▶ **What this task involves**: No pictures in the copy. Write out the listing below exactly.

▶ **Raw data**:

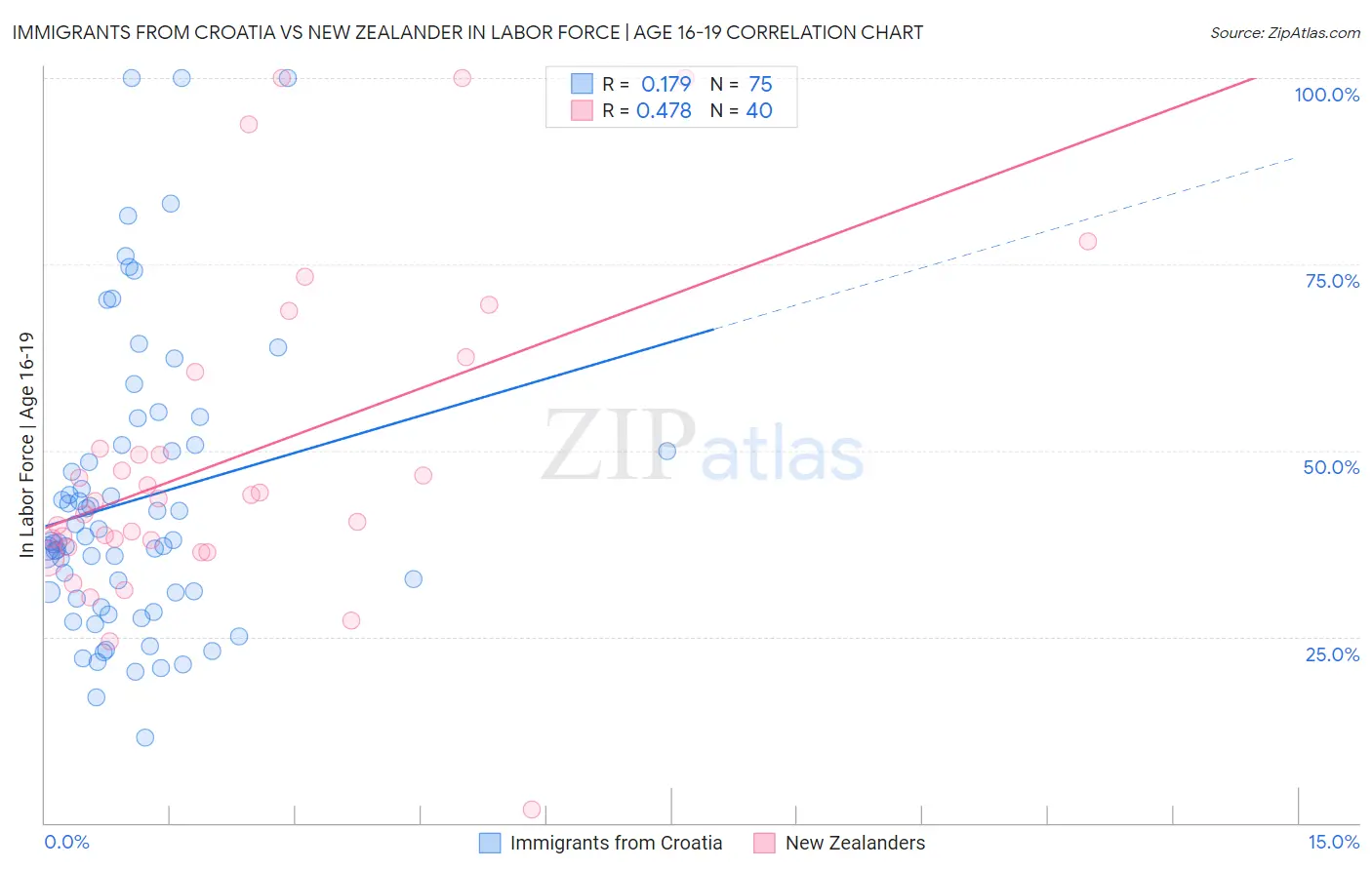 Immigrants from Croatia vs New Zealander In Labor Force | Age 16-19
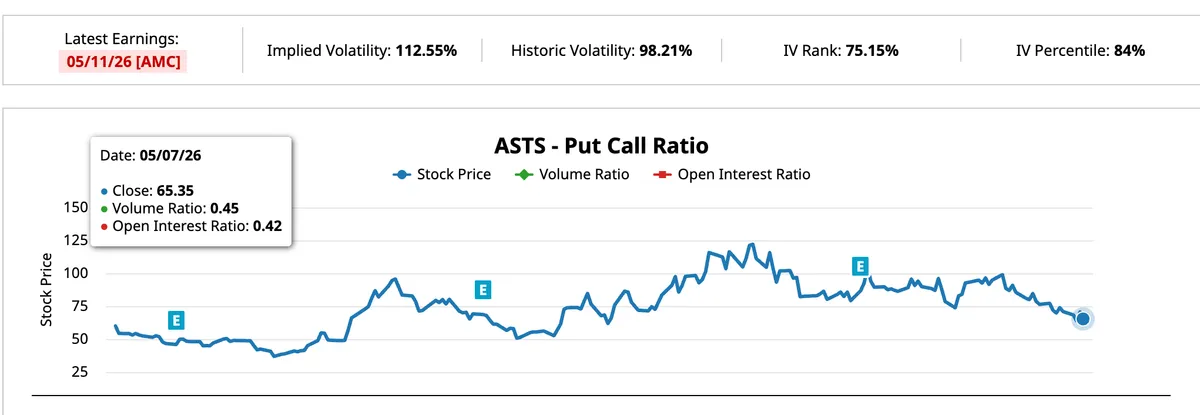 Bullish Put-Call Ratio for ASTS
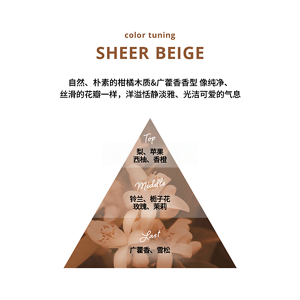 自然、朴素的柑橘木质&广藿香香型 像纯净、 丝滑的花瓣一样，洋溢恬静淡雅、光洁可爱的气息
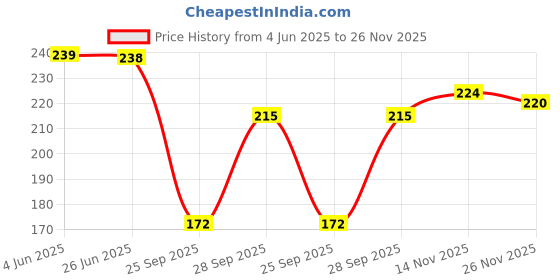 flipkart.com kashikey creation Women Shapewear kashikey creation Price History Graph from 4 Jun 2025 to 26 Nov 2025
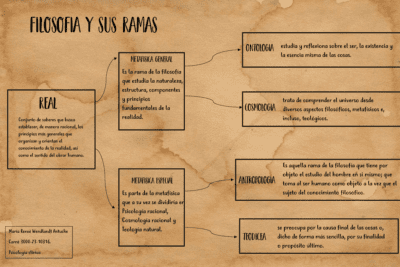 Las 4 ramas de la filosofía y sus características esenciales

▶ **Solution below**:
 Immigrants from Croatia vs New Zealander In Labor Force | Age 16-19
 Bullish Put-Call Ratio for ASTS
 自然、朴素的柑橘木质&广藿香香型 像纯净、 丝滑的花瓣一样，洋溢恬静淡雅、光洁可爱的气息
 flipkart.com kashikey creation Women Shapewear kashikey creation Price History Graph from 4 Jun 2025 to 26 Nov 2025
 Las 4 ramas de la filosofía y sus características esenciales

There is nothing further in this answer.